Method: We introduce the first roadside multimodal dataset specifically designed for VRU perception, concurrently capturing LiDAR, RGB, and thermal infrared data across three intersections under both daytime and nighttime conditions—encompassing over 150 real-world scenarios. We propose a novel pipeline for precise spatiotemporal alignment of all three modalities, including timestamp synchronization, spatial calibration, and frame-level cross-modal registration. Annotations include fine-grained VRU instance labels: six categories for LiDAR point clouds and eight for image modalities.

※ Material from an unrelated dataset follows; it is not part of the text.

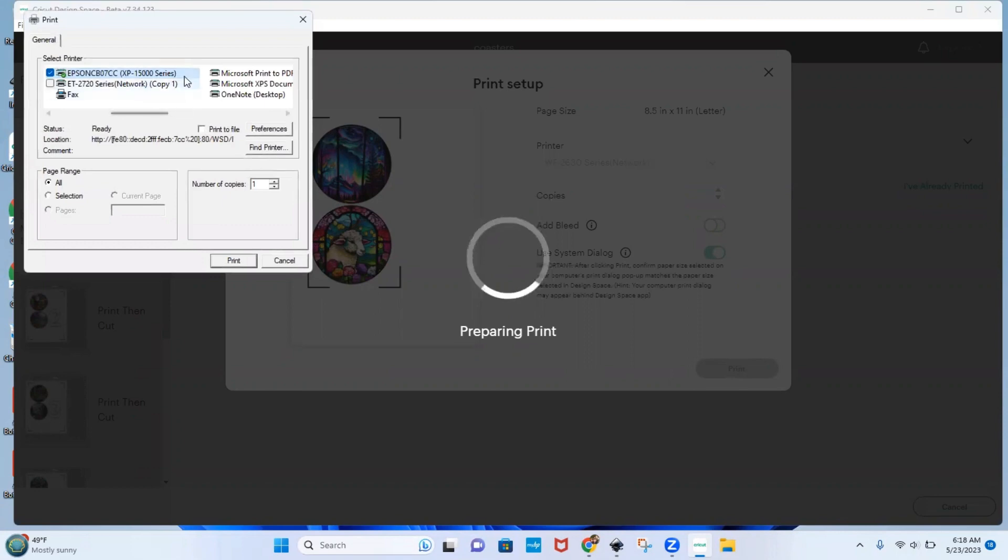And then this box will pop up, make sure you select the correct printer, and then printer preferences.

Contribution/Results: The dataset comprises 10,000 annotated LiDAR frames and 2,400 aligned RGB–thermal image pairs, supporting detection and tracking tasks. All data and evaluation code are publicly released, addressing the absence of thermal imaging in roadside VRU perception and establishing a new benchmark for multimodal roadside intelligent sensing.
📝 Abstract
In autonomous driving, the integration of roadside perception systems is essential for overcoming occlusion challenges and enhancing the safety of Vulnerable Road Users (VRUs). While LiDAR and visual (RGB) sensors are commonly used, thermal imaging remains underrepresented in datasets, despite its acknowledged advantages for VRU detection in extreme lighting conditions. In this paper, we present R-LiViT, the first dataset to combine LiDAR, RGB, and thermal imaging from a roadside perspective, with a strong focus on VRUs. R-LiViT captures three intersections during both day and night, ensuring a diverse dataset. It includes 10,000 LiDAR frames and 2,400 temporally and spatially aligned RGB and thermal images across over 150 traffic scenarios, with 6 and 8 annotated classes respectively, providing a comprehensive resource for tasks such as object detection and tracking. The dataset1 and the code for reproducing our evaluation results2 are made publicly available.